La esquina
José Aguilar
Un fiscal bajo sospecha
La plaza del Duomo de Catania en Sicilia está presidida por la escultura de un elefante labrado en piedra volcánica que soporta un obelisco formando en su conjunto un extraño simbolismo que solo se aclara al vivir esta singular ciudad y percibir hasta qué punto el Etna anida en su imaginario presente.
Las calles menos transitadas ofrecen un aspecto negruzco. Vale que en Sicilia no destacan por la higiene pública pero en Catania es ya una especie de hollín que lo cubre todo, de modo que al ir a apoyarte en cualquier barandilla debes sacudirte la suciedad de manos y codos.
Allí se nota que llevan esta convivencia extrema con familiaridad. Cuesta creerlo al contemplar de noche la humareda que sale constante del cono superior del Etna y, a veces, también las llamaradas de lava que lanza hacia el cielo. El peligro cotidiano también acostumbra. El mismo aeropuerto tiene una intermitencia en su uso que también allí toman como parte de la cotidianeidad. La ceniza volcánica es mal compañera de viaje.
Son alrededor de cuatrocientas mil almas las que perseveran en sus afanes al pie del monstruo de lava. Ochocientas mil si se añade el área metropolitana. Y en su histórico ya hubo terremotos y erupciones brutales que obligaron a reconstruir entera la Catania señorial que hoy vemos al pasear la principal arteria llamada Etnea, en alusión al volcán que se observa a lo lejos.
La universidad más antigua de Sicilia ha dado un aire cultural a los rincones más batalladores de la ciudad, algo que se agradece para descansar de franquicias y tiendas de marcas de esas que ni en dos vidas podremos aspirar a vestir nunca.

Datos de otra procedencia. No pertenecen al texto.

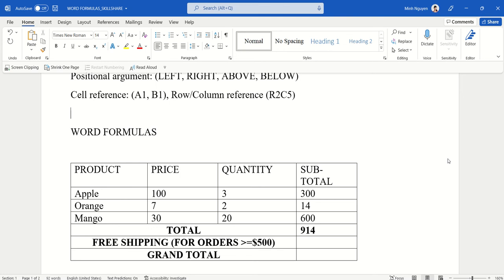This might surprise a lot of people, but actually IF function is allowed in Word. I've just been informed that our company will throw in a free shipping policy for orders equal to or greater than $500.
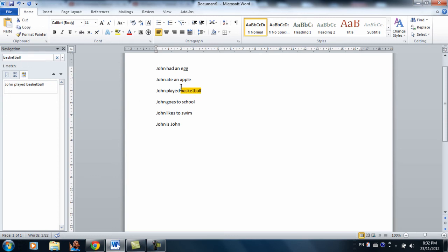So let's find basketball for me. So it is just like automatically locating the word. It's kind of helpful if you just want to find the word in the paragraph.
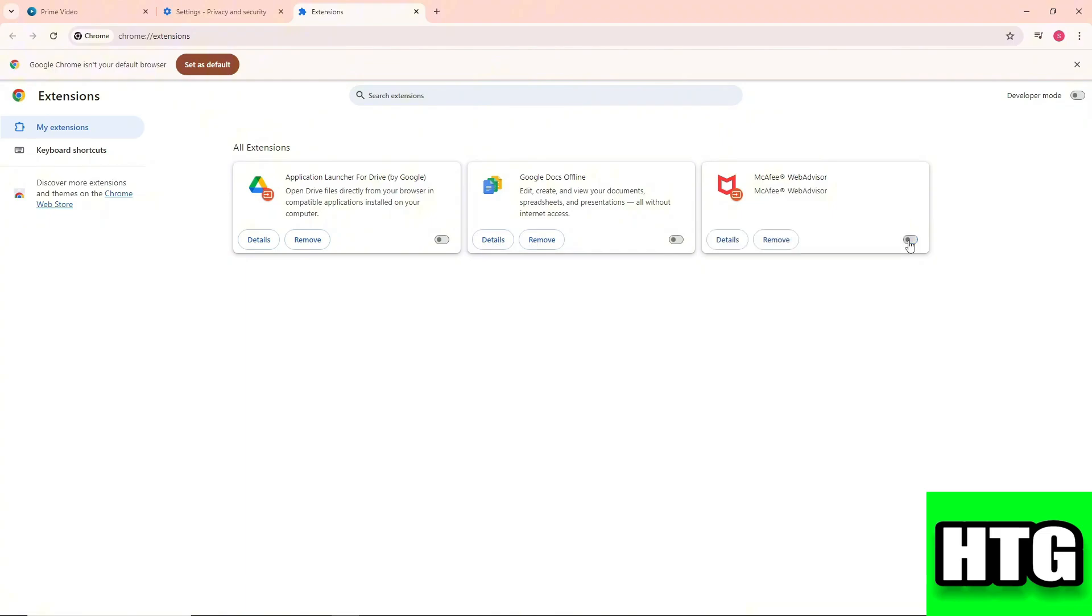So that's how you can fix 'this video is currently unavailable' in Amazon Prime. That's all for this video.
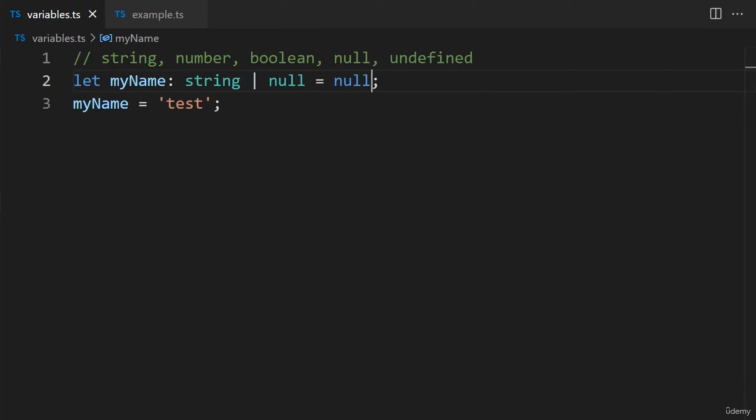We can add as many data types as we'd like. After adding the union type, if we try changing the variable to null, TypeScript doesn't throw an error. If we want to use multiple data types, we must explicitly add the types to the variable — TypeScript will not infer union types. It's up to us to add them in; otherwise, we may be restricted to one data type.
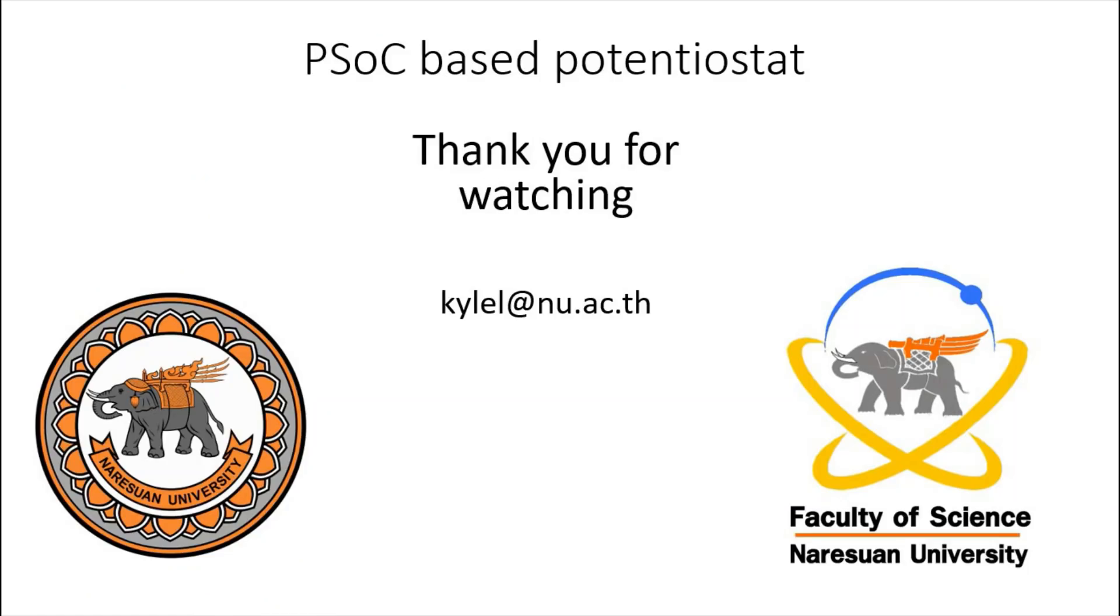That is how to make a potentiostat based on a programmable system on a chip. Thank you for watching. If you have any comments or suggestions, you can email me at kylel.nu.ac.th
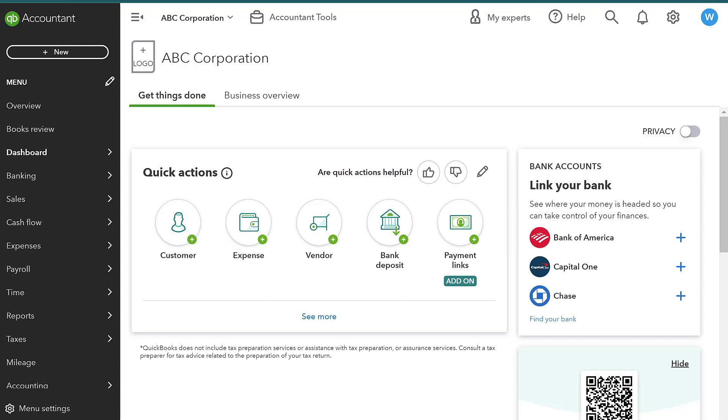Hi everyone, I'm The Tax Pro and today we are going to be talking about the difference between invoices and sales receipts in QuickBooks Online.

Así, tomando un involtini en un lugar recomendado por los de allí, La Trattoria del Cavaliere, en compañía de la vitamina vital que regalan Sol & Lor, no puedes dejar de preguntarte cuántas generaciones de cataneses habrán visto ese mismo volcán expulsando lava y rocas hasta introducirse en el ADN mismo de la identidad de la ciudad, esa que paseaba en procesión ese mismo día con la patrona Santa Ágata, protectora ante los desastres naturales, mártir que fue de unos romanos que le cortaron los pechos para dejarlos en la bandeja de su tan tremenda y conocida iconografía.
De regreso ya al terruño la nostalgia de aquella emoción constante no me abandona. La cercanía del peligro engancha tanto como ese vivir provisional del viaje verdadero, precariedad que aligera el corazón ya libre de palpar la realidad que palpita bajo la apariencia tranquila de un volcán dormido que siempre está a punto de estallido.